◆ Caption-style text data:

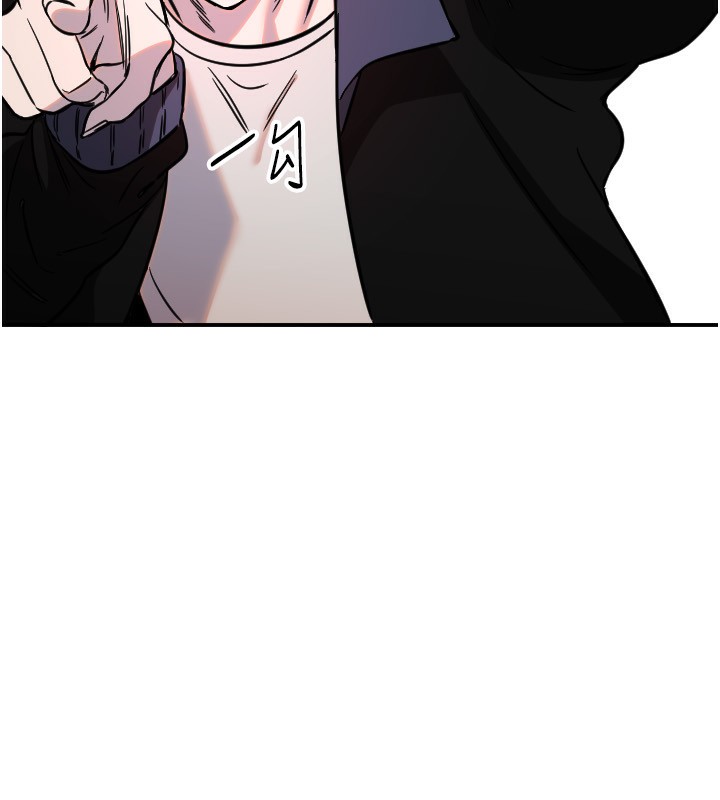 [韩国漫画] 守护天使 剧情,女学生#[114P]-104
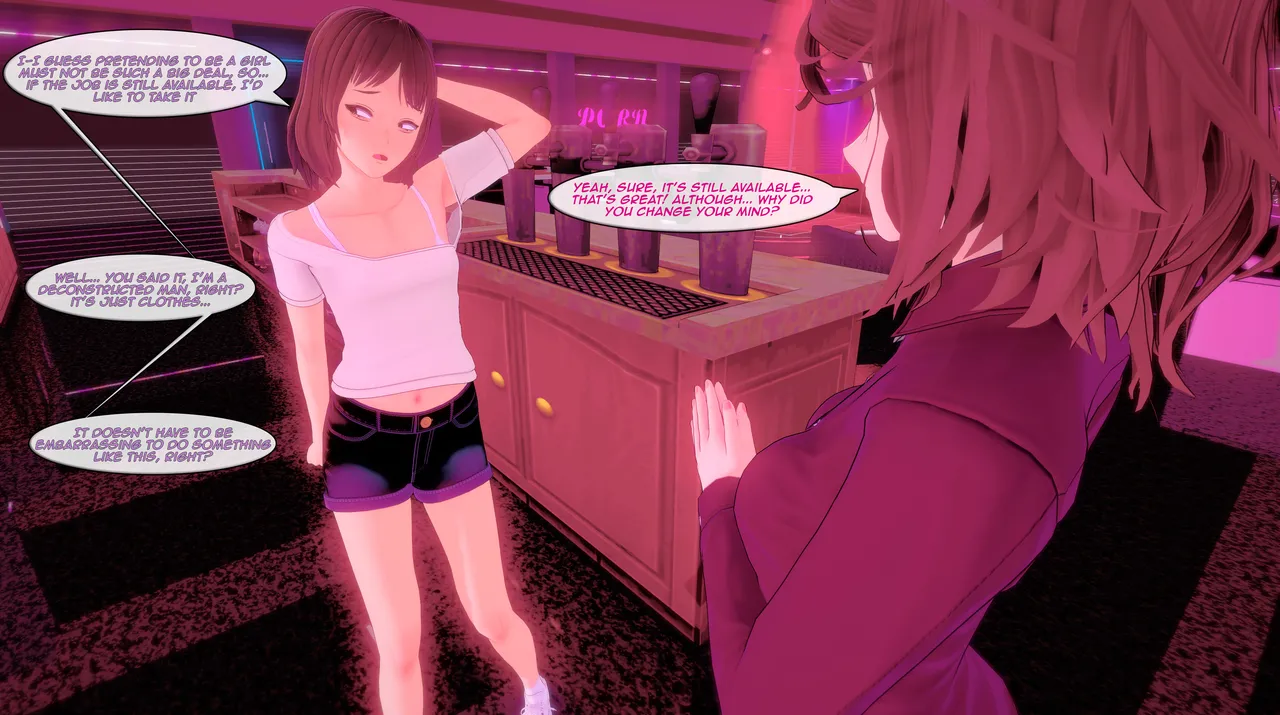 Manga Page 307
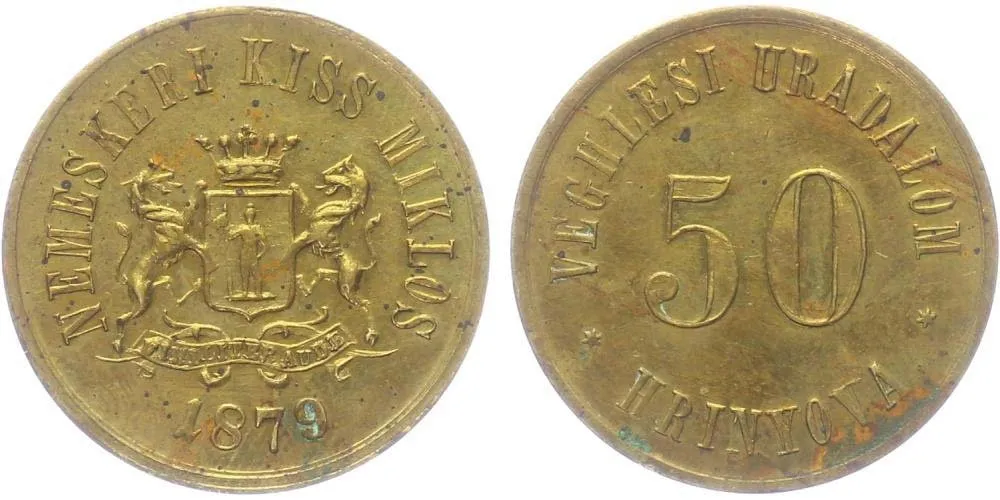František Josef I., 1848 - 2180 — 1
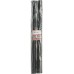 BOSCH Rura odsysająca 2607000162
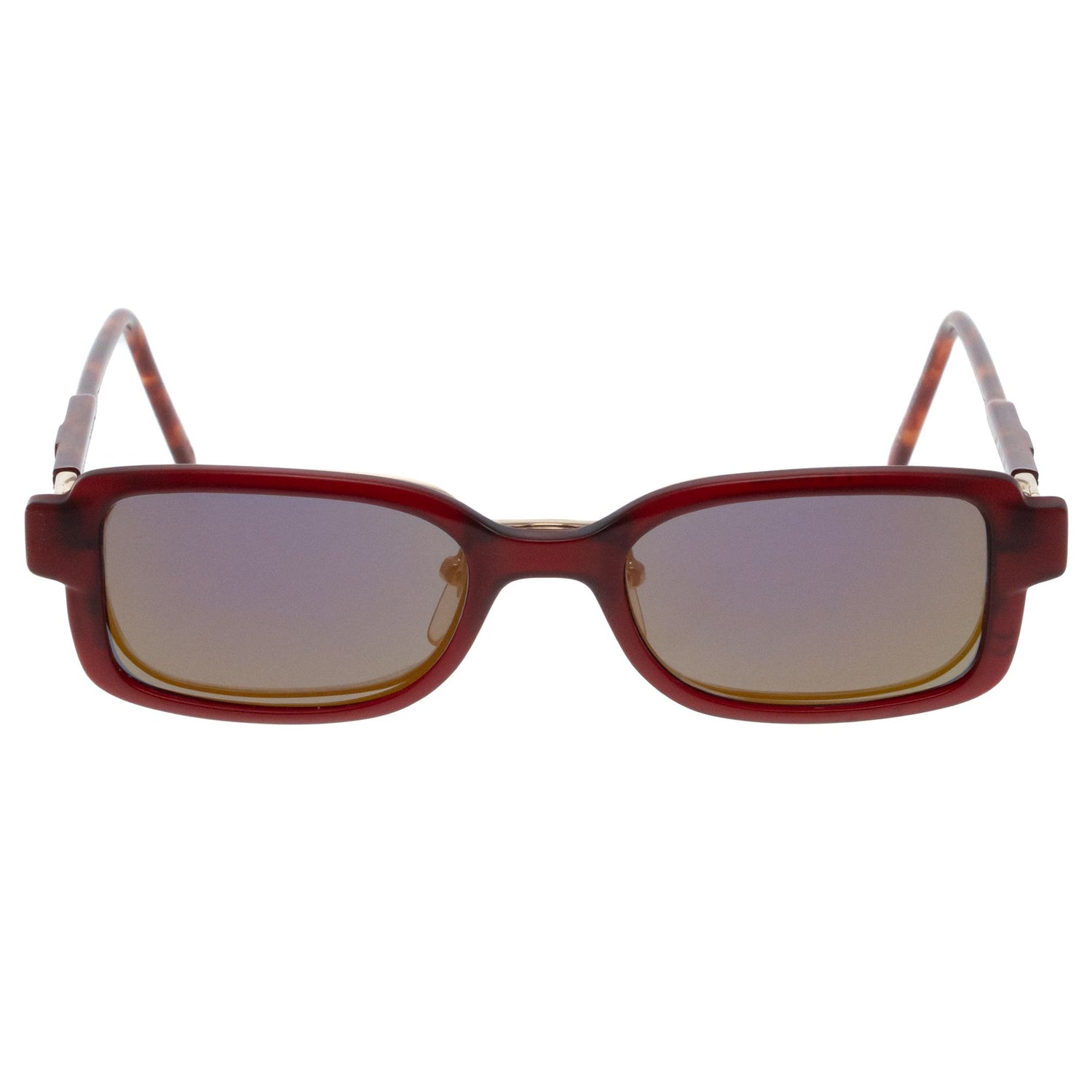 Jean Paul Gaultier 57 8201 1 (Multiflash Clip-on)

◆ What the task requires: Every record above should come back exactly, but without its pictures.

◆ Result below:
 [韩国漫画] 守护天使 剧情,女学生#[114P]-104
 Manga Page 307
František Josef I., 1848 - 2180 — 1
 BOSCH Rura odsysająca 2607000162
 Jean Paul Gaultier 57 8201 1 (Multiflash Clip-on)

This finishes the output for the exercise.